8 milliards de niches sociales
« Je sais qu’il ne s’agit que d’un rapport de la Cour des Comptes mais je suis catastrophée de voir que pour combler le trou de la Sécu on préfère taper sur les malades plutôt que d’améliorer les recettes notamment en luttant contre les niches fiscales et sociales des entreprises », s’agace Monique Lubin, sénatrice socialiste.

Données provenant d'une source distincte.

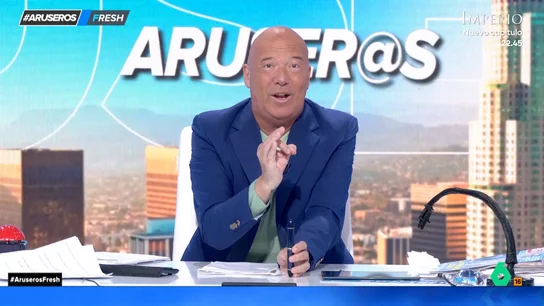 Alfonso Arús, harto de los manuales en miles de idiomas: "Estoy hasta el gorro de folletos en ruso" Alfonso Arús, harto de los manuales en miles de idiomas: "Estoy hasta el gorro de folletos en ruso"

La Cour des Comptes s’est pourtant bel et bien penchée sur les recettes à la Sécurité sociale en s’attaquant « aux niches sociales des compléments de salaire ». Le financement des complémentaires santé, la prévoyance et retraite supplémentaire, les titres-restaurants, le partage de la valeur comme l’intéressement ou la participation… ne cessent de croître, au détriment des salaires et des cotisations sociales assises sur ceux-ci, explique le rapport. « En conséquence, les pertes de recettes induites pour la sécurité sociale entre 2018 et 2022 ont atteint 8,1 milliards, montant supérieur à la dégradation des déficits sociaux hors covid (6,6 milliards) », compare la Cour.

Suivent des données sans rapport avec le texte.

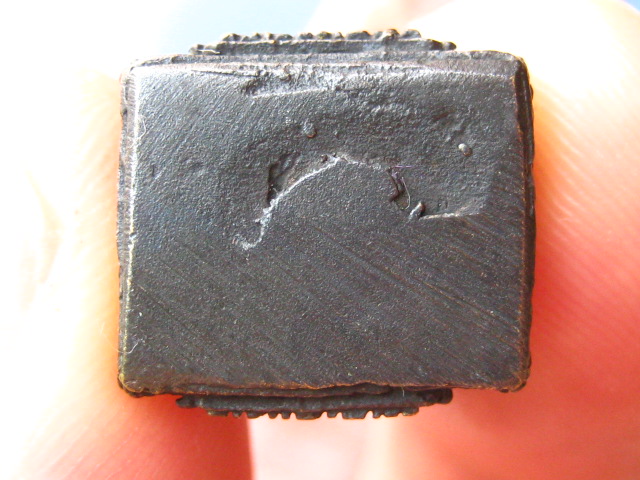 รูปหล่อ หลวงพ่ออุย วัดบ้านกร่าง สุโขทัย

Une autre piste d’économies porte sur une meilleure régulation des médicaments anti-cancéreux innovants. La dépense de l’Assurance maladie pour ces médicaments « a atteint 5,9 milliards d’euros en 2022, 2,4 milliards après déduction des remises versées par les laboratoires ». La Cour suggère la mise en place d’un réseau d’organismes de recherche indépendants pour évaluer les coûts et les bénéfices induits par les nouveaux médicaments. Il faut pouvoir notamment « renégocier le prix des médicaments anti-cancéreux innovants lorsque des études […] montrent des résultats inférieurs à ceux attendus », note la Cour.

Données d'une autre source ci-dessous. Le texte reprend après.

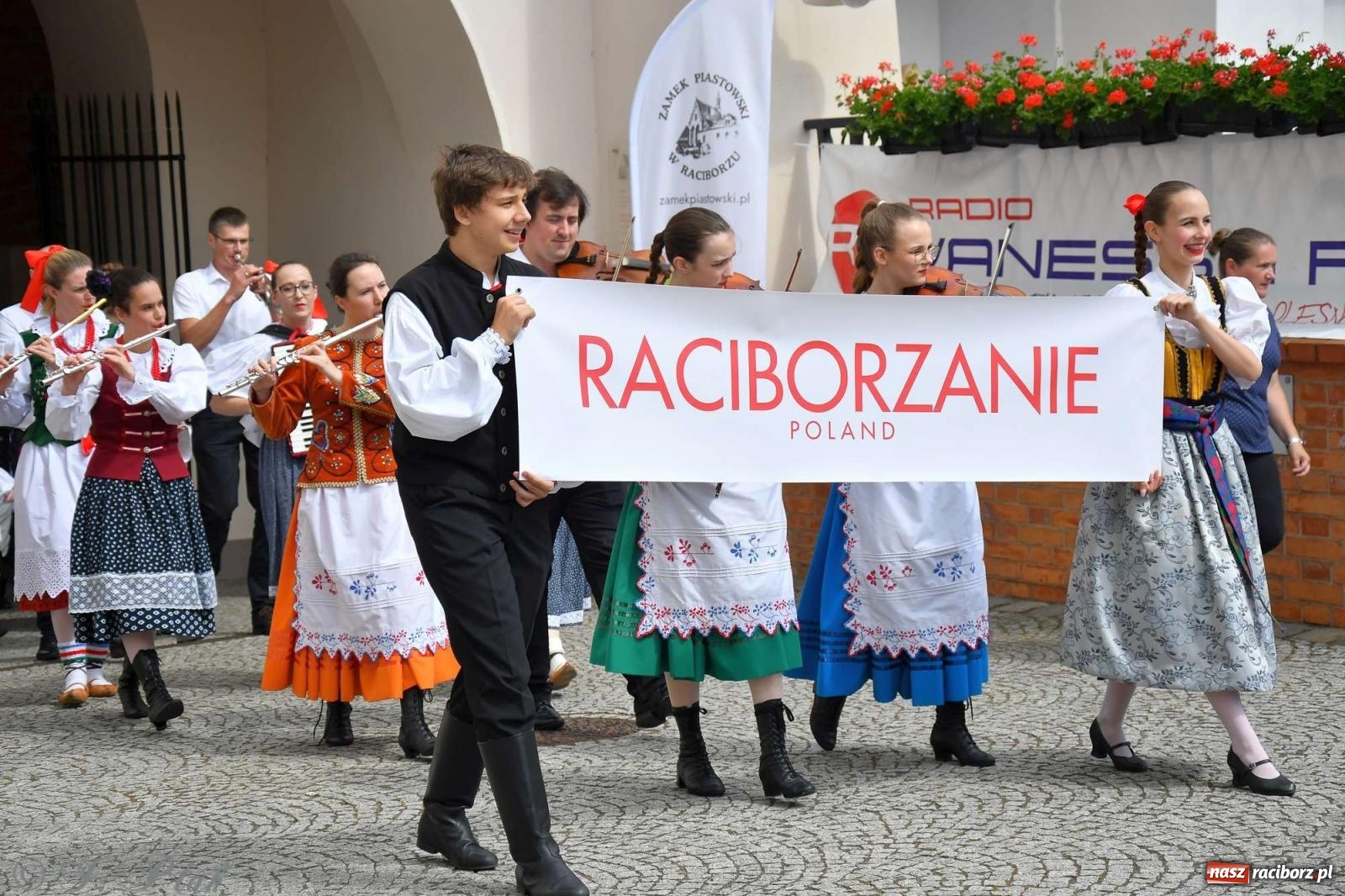 Zdjęcie w galerii na portalu naszraciborz.pl: Międzynarodowe święto folkloru na raciborskim zamku wiadomości z regionu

La Cour des Comptes suggérera « des pistes d’économies concrètes » fin juin, a indiqué son président, Pierre Moscovici. « Il y a des gisements importants », mais il faudra de la « volonté politique » pour les mettre en œuvre, a-t-il prévenu. Reste à savoir si l’exécutif privilégiera la lutte contre les niches sociales où les arrêts maladies ?
Gabriel Attal a déjà donné une indication. « Ce n’est pas parce que la Cour des comptes fait une proposition qu’on doit la reprendre ». « Ma priorité, c’est plutôt de lutter contre les arrêts maladie frauduleux, c’est très facile de s’en procurer sur Internet et les réseaux sociaux », a-t-il déclaré sur France Inter.